Result of the Crown strategy - Crown’s court successes deter prospective claimants
Survivors had some early successes in the courts. The judge in Leoni McInroe’s case refused the Crown’s application to strike out her claims without a hearing, and in 2002 and 2003, two survivors established that the State was liable for abuse by their foster parents, and also that the limitation defence did not apply in their circumstances. The successes, however, ended there. The Crown’s litigation strategy produced a series of crushing defeats in 2007 and 2008. The claimants were unable to prove they had suffered some of the abuse alleged. And when the court found the claimants had, in fact, been abused in State care, it also found the State was not liable because of limitation and accident compensation legislation, and because the claimants could not prove their abuse in State care had caused them harm. The Crown was also successful in its applications for costs orders. In one case, the court held that a survivor had to pay costs to the Crown for bringing the case, and in other cases, the courts found the claimants would have been liable for costs if they had not been funded by legal aid. In those cases, the judge criticised the Legal Services Agency for funding the claims.
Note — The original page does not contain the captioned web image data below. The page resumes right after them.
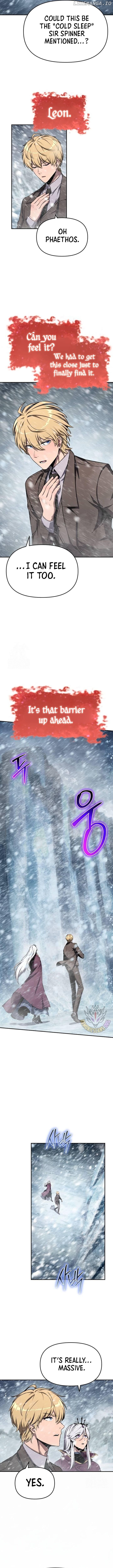 The Knight King Who Returned with a God Chapter 117 - page 7
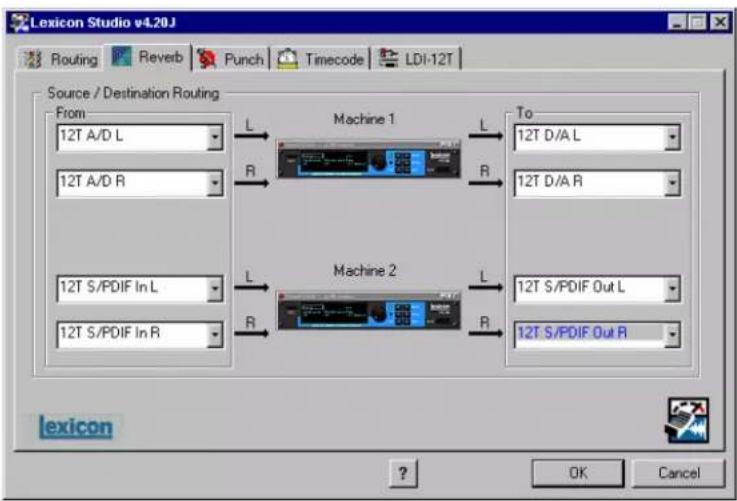 LEXICON Studio - Using the PC-90 as Outboard Gear on the PC - 1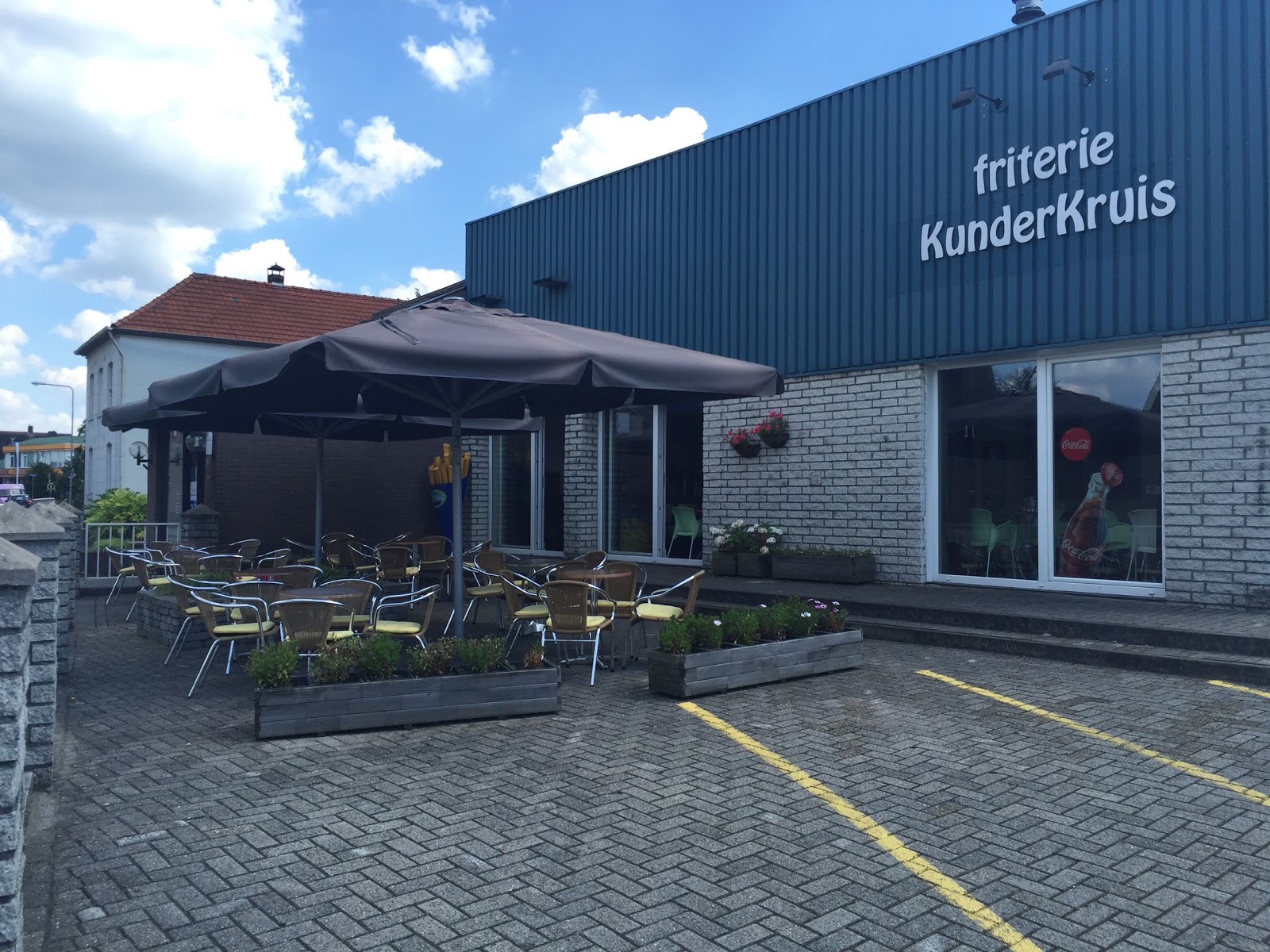 Foto van Friterie Kunderkruis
These decisions led the Legal Services Agency to re-examine its decision to grant legal aid to hundreds of other survivors. In 2008, it notified 1,151 people of its intention to withdraw their legal aid unless they could justify why they should continue to receive it and explain why their claims had sufficient “prospects of success”. About 200 claimants lost their legal aid, although about half had it reinstated after seeking statutory reviews or appeals, supplying more information to the agency or making fresh applications. This process placed a significant administrative burden on claimants and their lawyers, and greatly delayed their claims.
Overall, these defeats in the courts highlighted the difficulties survivors faced getting redress through the courts and had a considerable deterrent effect on other survivors considering litigation. Some survivors abandoned their claims after observing the gruelling process other survivors went through giving evidence and being subjected to cross-examination by the Crown, only to have a claim rejected on what seemed to be technicalities.
In addition, the Crown’s focus on managing litigation and limiting financial risk meant it focused only on responding to the individual claims brought and resisted a wider response. This minimised the problem and contributed to the invisibility of those unable to bring claims, such as many Deaf and disabled people.
For many survivors, the result is that the only practical option now available to them is the out-of-court claims processes developed by State agencies and administered and closely controlled by them.